Orthodox Union President Moishe Bane told the Journal in a statement, “The Orthodox Union was founded over 120 years ago on the principle Jews must help their fellow Jews to practice the sacred mitzvot and keep Yiddishkeit alive in America. Creating access to kosher food, one of the most fundamental components of Jewish life, remains a priority even today, and we are eager to support the kosher food pantries and programs that provide critical access to kosher food to those in need.”

KFL offers need-based food programs, financial assistance, relationships with kosher food distributors, government grants and other logistical support.

Kedem, a food products supplier that emphasizes kosher, gluten-free and all-natural foods, provided a $200,000 grant to launch the new program before Passover 2019. 

Fifty-three partner organizations delivered over 150,000 pounds of Kosher-for-Passover food to more than 170,000 Jewish families in need around the U.S. including Arizona, Nevada, Texas, Colorado, Kansas, Missouri, Ohio, Georgia, North Carolina, South Carolina, Maryland, Michigan, Massachusetts, Illinois, Rhode Island and the New York tri-state area.

“It was truly a win-win situation,” Kedem Vice President Charles Herzog said in a statement to the Journal. “Food insecurity is an important issue for us. We are always looking for ways to work with our communities and help where we can, and the OU’s Kosher Food Lifeline program ensured that we were sending exactly what was needed, where it was needed. We look forward to future partnerships with KLF and its network of Kosher food pantries.”

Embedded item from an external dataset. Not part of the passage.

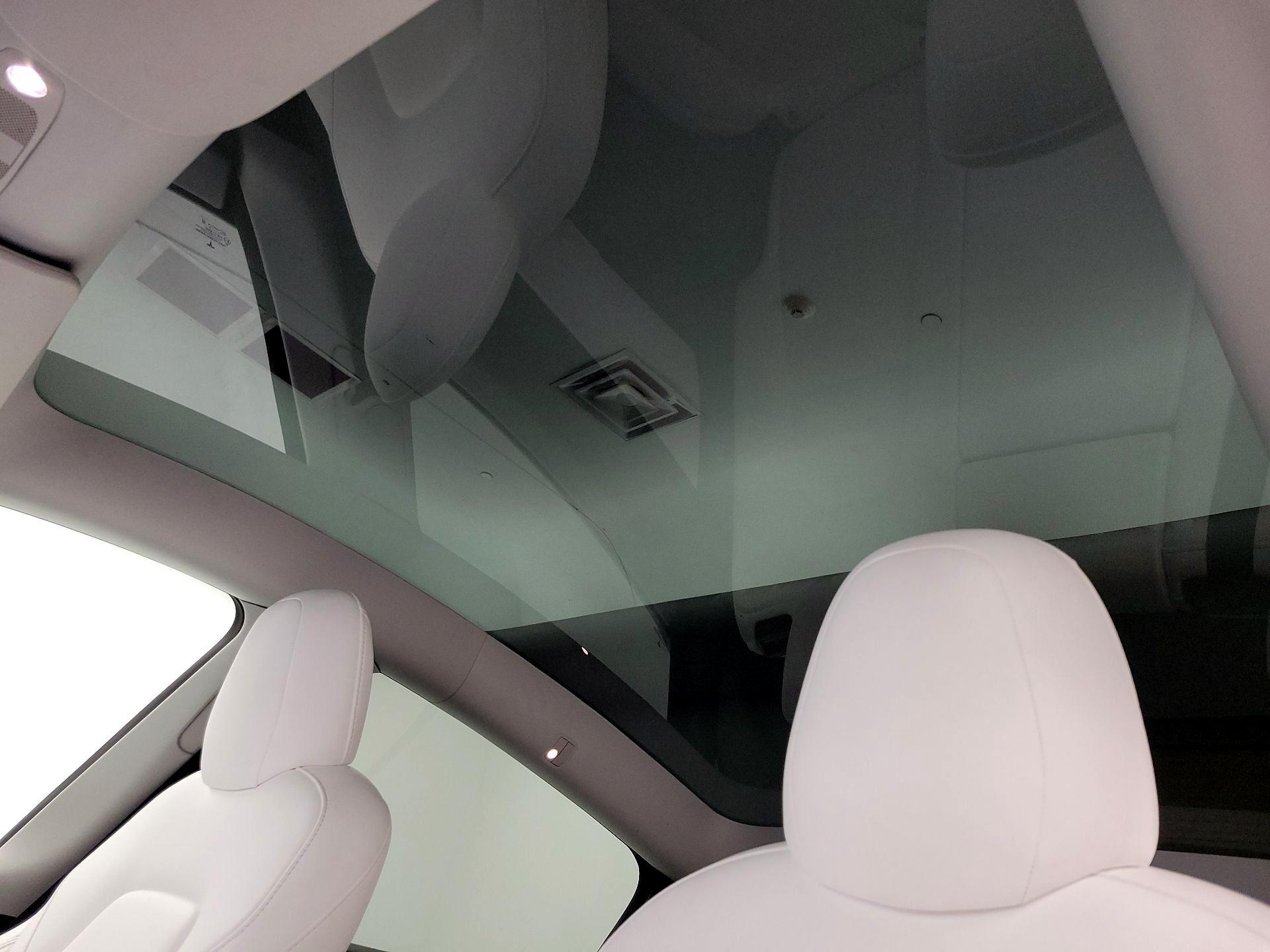 Thumbnail: 2022 Tesla Model Y - 18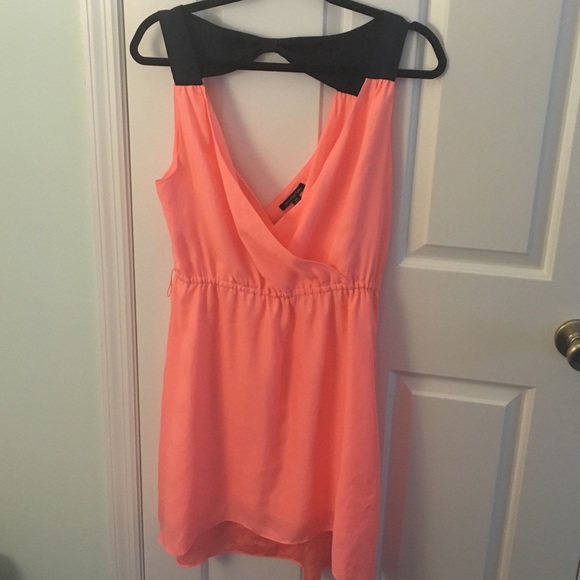 Beautiful Neon dress with a open back detail!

Individuals have kosher food-access challenges for a variety of reasons, including economic issues or limited mobility to physically obtain the food. The 215 food agencies in 24 states across the country provide low-cost or free kosher food to individuals and families who struggle to access food.

“Financial strains within in the Jewish community cannot be understated,” Orthodox Union Executive Vice President Allen Fagin said in a statement to the Journal. “As the OU tackles affordability issues on a number of fronts, we recognize those in our community who struggle each day to put nutritious kosher food on the table. We must work together to support the food pantries and agencies that serve them and the OU is uniquely positioned to do so given that we are the largest global Kashrut certifier.”

“By coordinating purchases and helping corporate food donors to direct donations where they are needed, we can increase efficiency, eliminate waste, bring prices down, and hopefully, help these agencies provide more nutritious, protein-rich kosher food to those who need it most,” Kosher Food Lifeline Founding Director Allison Deal said in a statement to the Journal.